AWS Cloud Provider

Important:

In Kubernetes 1.27 and later, you must use an out-of-tree AWS cloud provider. In-tree cloud providers have been deprecated, and the Amazon cloud provider has been removed completely, and won't work after an upgrade to Kubernetes 1.27. The steps listed below are still required to set up an Amazon cloud provider. You can set up an out-of-tree cloud provider for RKE after creating an appropriate IAM role and configuring the ClusterID.

You can also migrate from an in-tree to an out-of-tree AWS cloud provider on Kubernetes 1.26 and earlier. All existing clusters must migrate prior to upgrading to v1.27 in order to stay functional.

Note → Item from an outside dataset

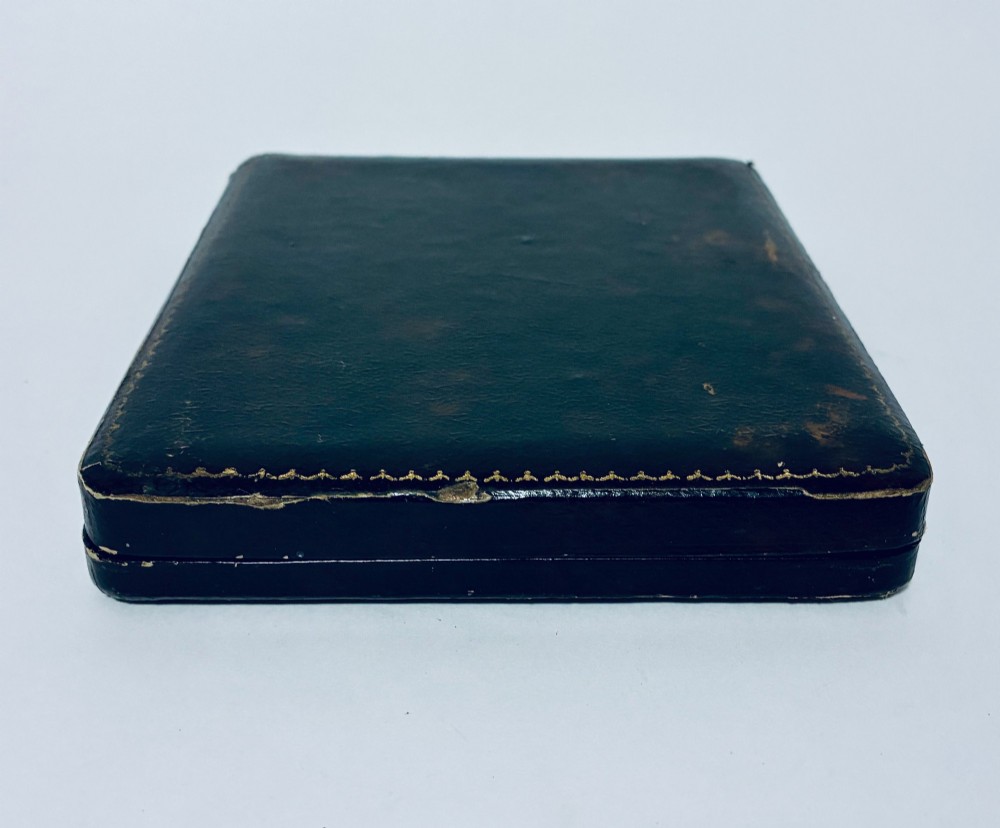 A set of six silver coffee spoons with turned handles stored inside a black fitted presentation case lined with velvet and cream satin. View XIII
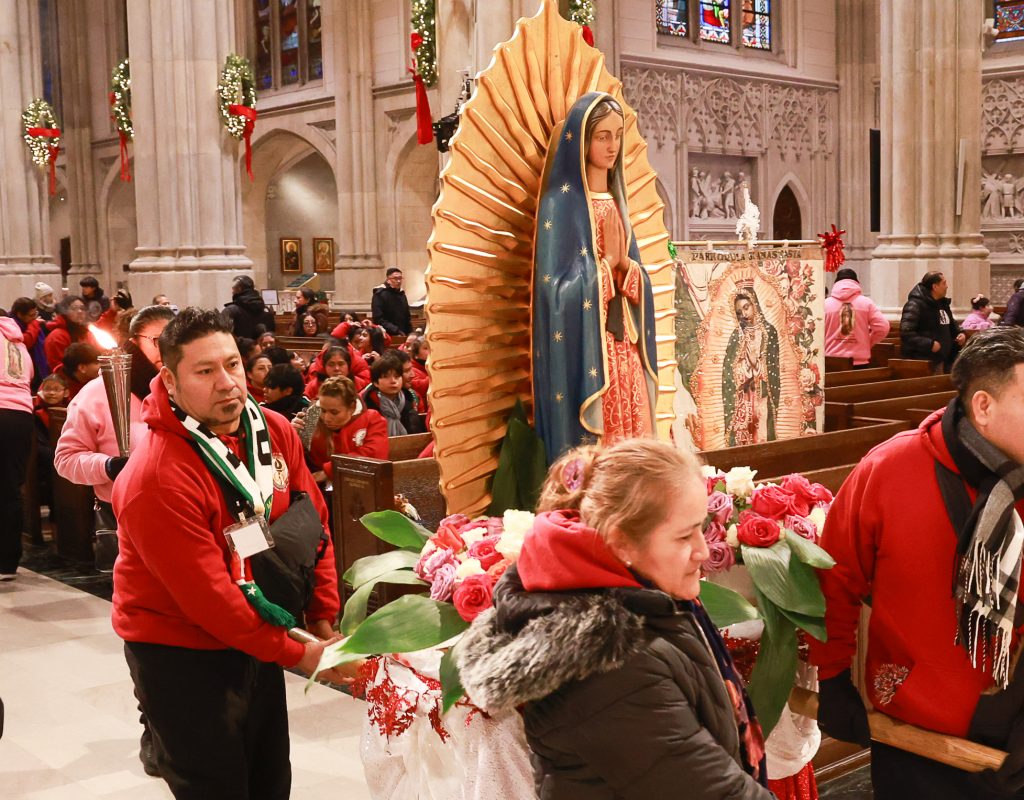 The pilgrim statue of Our Lady of Guadalupe is processed into Saint Patrick’s Cathedral on December 12, 2025. Photo by Joe Vericker/Photobureau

To enable the AWS cloud provider, there are no RKE configuration options. You only need to set the name as aws. In order to use the AWS cloud provider, all cluster nodes must have already been configured with an appropriate IAM role and your AWS resources must be tagged with a cluster ID.

cloud_provider:
    name: aws

IAM Requirements

In a cluster with the AWS cloud provider enabled, nodes must have at least the ec2:Describe* action.

In order to use Elastic Load Balancers (ELBs) and EBS volumes with Kubernetes, the node(s) will need to have the an IAM role with appropriate permissions.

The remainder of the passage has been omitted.